Transferring Files

Data Transfer Nodes

The HPC facility has two servers dedicated for transferring files around WVU as well with other locations around the globe. These two servers are called Data Transfer Nodes (DTNs) and have over 400 TB of usable temporary storage. These servers are connected at 10 Gb/sec speed to WVU’s Science DMZ which is dedicated to transferring research data and is separated from other network traffic. This allows data to be transferred with low latency and high bandwidth to other locations.

DTNs are connected directly to the Spruce Knob HPC cluster which allows fast transfer of data to and from Spruce Knob. Data to Spruce Knob is transferred over FDR Infiniband at speeds up to 56 Gb/sec. In addition to HPC users, this space is for all researchers at WVU who need to temporarily store and transfer data to other locations at WVU or elsewhere throughout the world.

The preferred method for transferring data to and from the data transfer nodes is to use Globus Online. Globus Online establishes a GridFTP service for transferring files which makes file transfer much faster as well as restartable if they fail. Data transfers throughput is improved when a user is transferring multiple files from a directory because the GridFTP service will send multiple files at the same time. In addition, users will receive notifications through email and the web interface of the status of the transfer. Globus Online provides users a very easy to use web interface for transferring files to other locations who have Globus Connect Servers or through Globus Connect Personal. Almost all major research institutions have access to Globus Online. In addition, users can install Globus Connect Personal on their personal computers for free. The application supports Windows, Linux, and Mac.

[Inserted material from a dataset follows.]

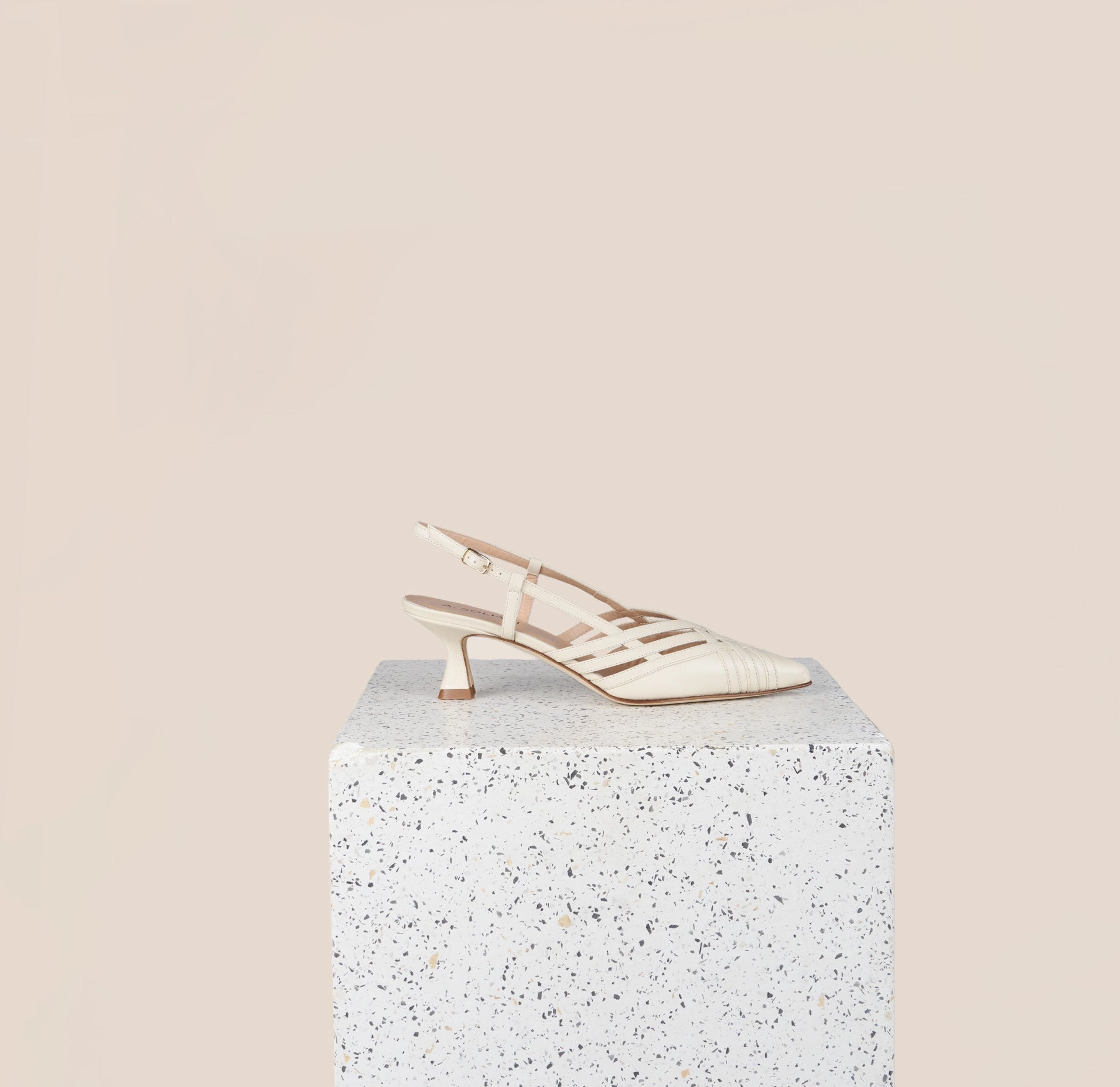 Classy Boots Fashion Forward Novara - Mystic White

Please see the Using Globus Online instructions on how to use Globus Online with WVU’s Data Transfer Nodes.

Users may also use sftp to transfer files to and from the DTNs. To access the DTNs you need to use the hostname data.hpc.wvu.edu (i.e. sftp username@data.hpc.wvu.edu). However, scp and rsync are not permitted. Note: If you use sftp with the DTNs your directory structure will be different than you are using on Spruce Knob. Your landing directory upon login will be /home/user_name. Your scratch directory is located at /scratch/user_name.

Note: Data Transfer Nodes and Globus Online are only connected directly to Spruce Knob. If you need to transfer files to Mountaineer, you will need to use Alternative Transfer Methods and connect to mountaineer.hpc.wvu.edu.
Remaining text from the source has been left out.